Set down, word for word, every line of the material below from the one containing "Welcome to my" through the one containing "Now the solution", but none of its pictures.

▸ DATA EXCERPTS
-----
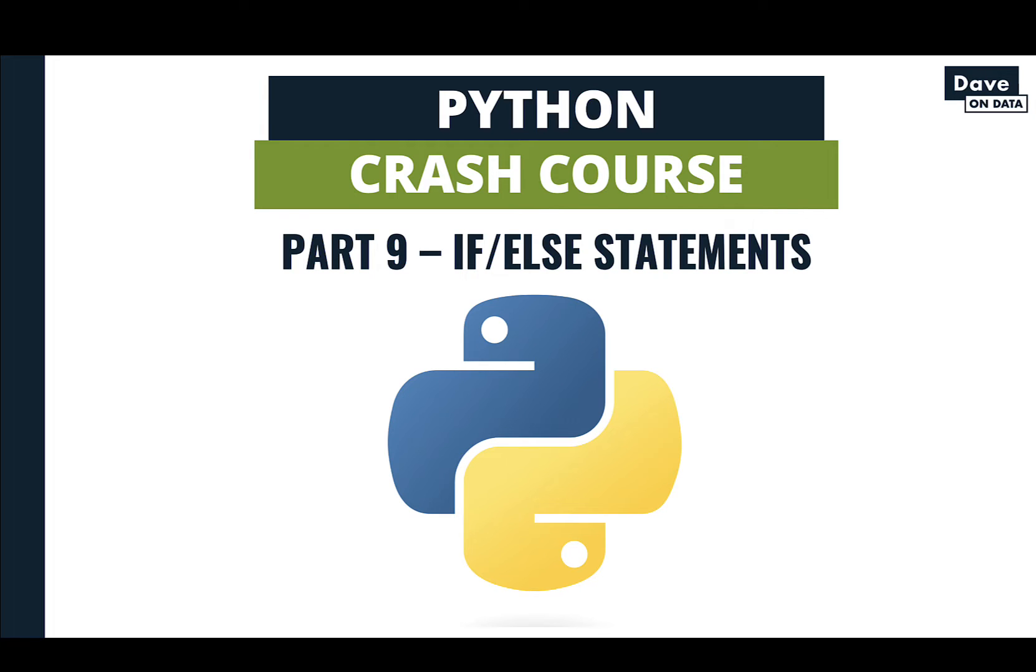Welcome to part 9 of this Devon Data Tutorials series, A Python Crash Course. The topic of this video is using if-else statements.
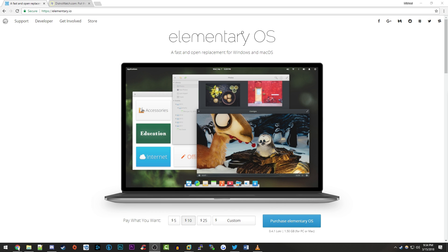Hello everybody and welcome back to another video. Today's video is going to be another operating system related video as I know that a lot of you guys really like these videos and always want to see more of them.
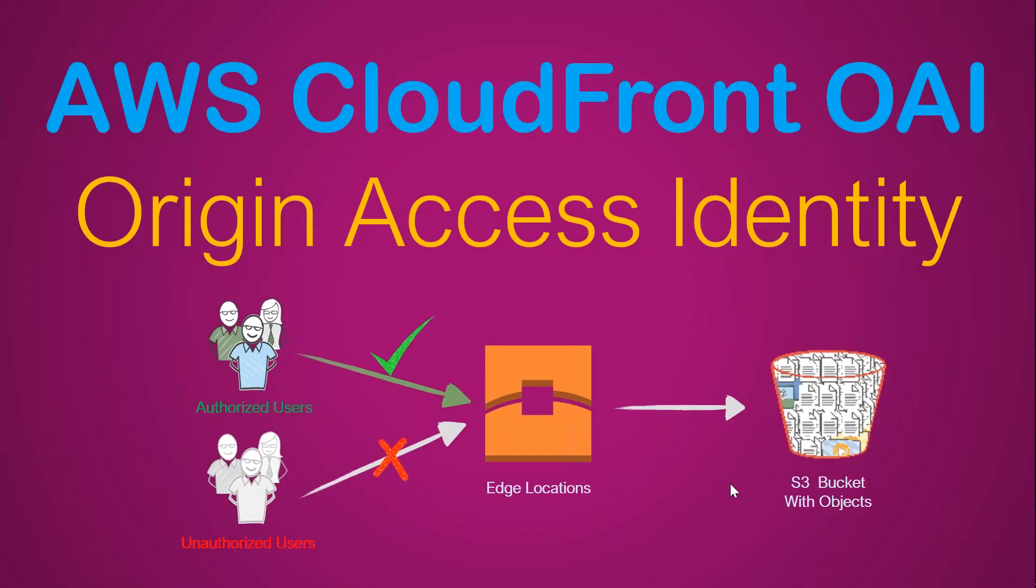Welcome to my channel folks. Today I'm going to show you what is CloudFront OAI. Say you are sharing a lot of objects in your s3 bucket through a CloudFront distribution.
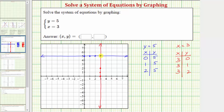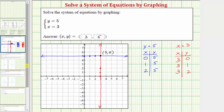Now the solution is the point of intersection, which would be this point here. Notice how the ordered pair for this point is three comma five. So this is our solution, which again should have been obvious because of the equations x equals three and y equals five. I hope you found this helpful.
-----
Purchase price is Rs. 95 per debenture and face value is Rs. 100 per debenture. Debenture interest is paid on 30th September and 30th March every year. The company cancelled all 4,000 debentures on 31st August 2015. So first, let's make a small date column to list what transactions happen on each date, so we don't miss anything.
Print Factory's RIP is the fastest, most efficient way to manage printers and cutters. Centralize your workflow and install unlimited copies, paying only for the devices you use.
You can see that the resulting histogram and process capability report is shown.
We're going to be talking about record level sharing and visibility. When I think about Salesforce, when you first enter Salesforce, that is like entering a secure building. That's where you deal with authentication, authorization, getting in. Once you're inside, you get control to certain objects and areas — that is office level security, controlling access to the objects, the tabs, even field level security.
-----
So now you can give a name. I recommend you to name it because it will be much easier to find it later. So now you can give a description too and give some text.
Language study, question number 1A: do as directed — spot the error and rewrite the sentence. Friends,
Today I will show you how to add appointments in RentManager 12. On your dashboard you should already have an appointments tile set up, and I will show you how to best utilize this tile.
-----
▸ ANSWER FOR THE TASK
Welcome to my channel folks. Today I'm going to show you what is CloudFront OAI. Say you are sharing a lot of objects in your s3 bucket through a CloudFront distribution.
Now the solution is the point of intersection, which would be this point here. Notice how the ordered pair for this point is three comma five. So this is our solution, which again should have been obvious because of the equations x equals three and y equals five. I hope you found this helpful.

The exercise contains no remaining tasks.